Ultrasound is better known for its diagnostic functions, however, its therapeutic capabilities predates its imaging capacities. Some examples of how ultrasound is applied to treatment plans include:
- ESWL (Extracorporeal Shock Wave Lithotripsy): ESWL combines ultrasound, X-rays and acoustic waves to break up and destroy kidney stones and gallbladder stones. It is the least invasive (non-surgical) treatment for urinary stone conditions.
- HIFU (High Intensity Frequency Ultrasound): HIFU is a form of ultrasound that targets damaged or diseased tissue and directs high-intensity sound waves towards it in order to heat and destroy it. FDA-approved clinical trials have been underway for using HIFU to treat prostate cancer. (Elsewhere in the world, the ultrasound treatment has proved effective). The FDA approved of HIFU treatments for uterine fibroids back in 2004.

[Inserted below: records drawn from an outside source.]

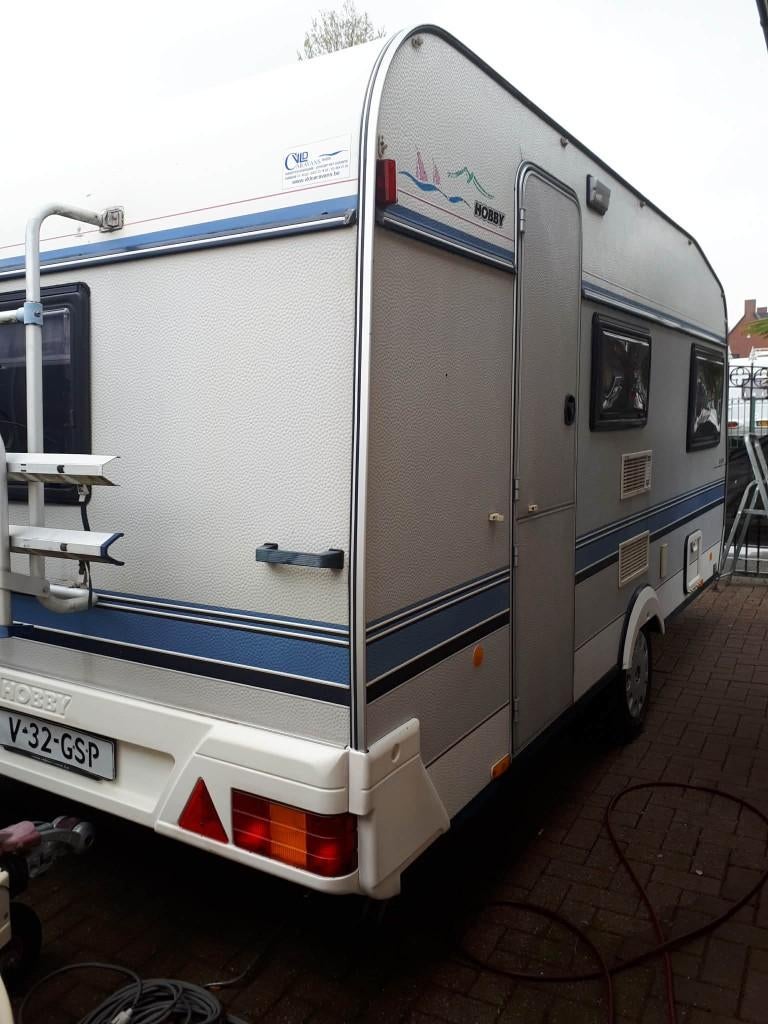 hobby 440 voortent mooie goede staadt 4 pers, 2 aparte bedden, 65 kg, Hobby, Schokbreker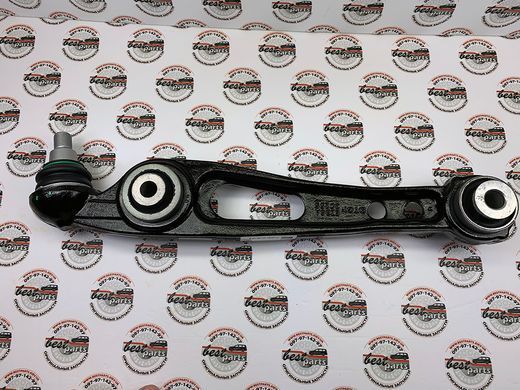 LR148057 Важіль передньої підвіски задній нижній лівий Range Rover Vogue L405 Long / Land Rover Discovery 5 L462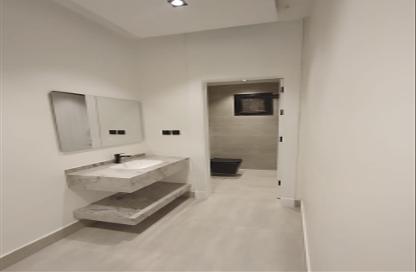 Apartment - 4 Bedrooms - 3 Bathrooms for sale in Al Yarmuk - Riyadh - Ar Riyadh
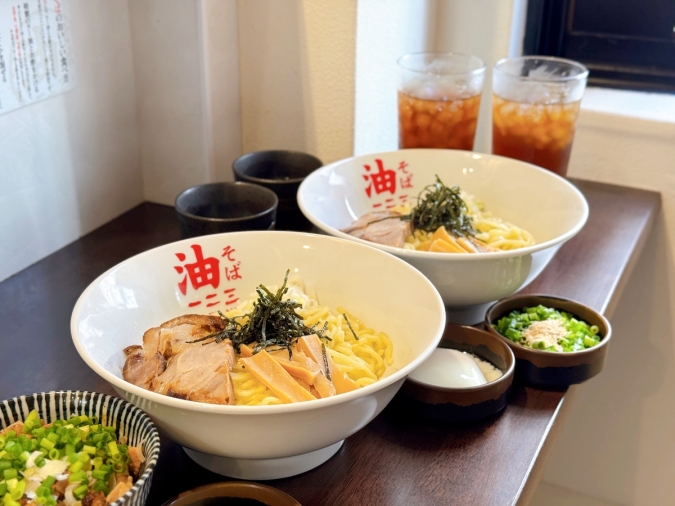 油そば一二三 福岡天神大名店　メニュー集合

- Sports injuries: Some physical therapists, chiropractors and occupational therapists employ ultrasound when treating their patients with problems such as tendinitis or plantar fasciitis; circulating the ultrasound probe over the damaged area is said to help relieve pain and soften scar tissue. Separate from ultrasound, MRI’s are also playing an important role in diagnosing sports injuries.
- Ultrasound as a Guide: Ultrasound assists with treatments where a needle needs to be inserted into a hard-to-see location, such as when an abscess needs to be drained or during a catheterization or biopsy. The ultrasound acts as a surgeon’s or physician’s “eyes”.